Hong Kong’s private PMI printed at a 3-month in October but remained very weak at 46.6.  A 76-month low of 44.4 had been set in August.

Industrial production reports from Brazil and Ireland struck a stark contrast.  Such fell by a greater 10.9% in the year to September in Brazil’s case but advanced 20.1% in Ireland’s.

Private sector U.S. jobs figures reported by ADP were disappointing.  In October such rose 182K after a downwardly revisd 190K in September.  Jobless claims data have suggested that the labor department’s estimate for total employment growth last month will be back to 200K or above.

U.S. mortgage applications fell 0.8% last week.  The 30-year fixed mortgage rate of 3.98% was three basis points lower than in the prior week.
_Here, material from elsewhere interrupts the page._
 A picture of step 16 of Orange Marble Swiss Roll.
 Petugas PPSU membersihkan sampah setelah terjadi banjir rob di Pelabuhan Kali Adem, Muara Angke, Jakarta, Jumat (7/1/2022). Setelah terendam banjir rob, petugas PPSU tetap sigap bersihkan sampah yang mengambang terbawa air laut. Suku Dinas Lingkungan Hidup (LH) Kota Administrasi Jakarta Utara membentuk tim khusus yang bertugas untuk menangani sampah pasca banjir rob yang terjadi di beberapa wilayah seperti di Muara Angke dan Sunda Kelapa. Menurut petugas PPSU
The U.S. and Canadian trade balances each improved in September.  The U.S. $40.81 billion goods and services deficit was $7.2 billion less than recorded the month before, as exports climbed 1.6% and imports shrank 1.8%.  Canada also experienced positive export growth (0.7%) and a contraction of imports (down 1.3%).  This resulted in a 35% drop of the trade deficit to C$ 1.73 billion.

The U.S. non-manufacturing PMI survey will be reported at 15:00 GMT by the Institute of Supply Management.

Among the many Fed officials speaking today, the remarks of Vice Chairman Stanley Fisher seem the likeliest to shed light on coming monetary policy decisions.  He’s been an outspoken proponent of hiking the federal funds rate before end-2015.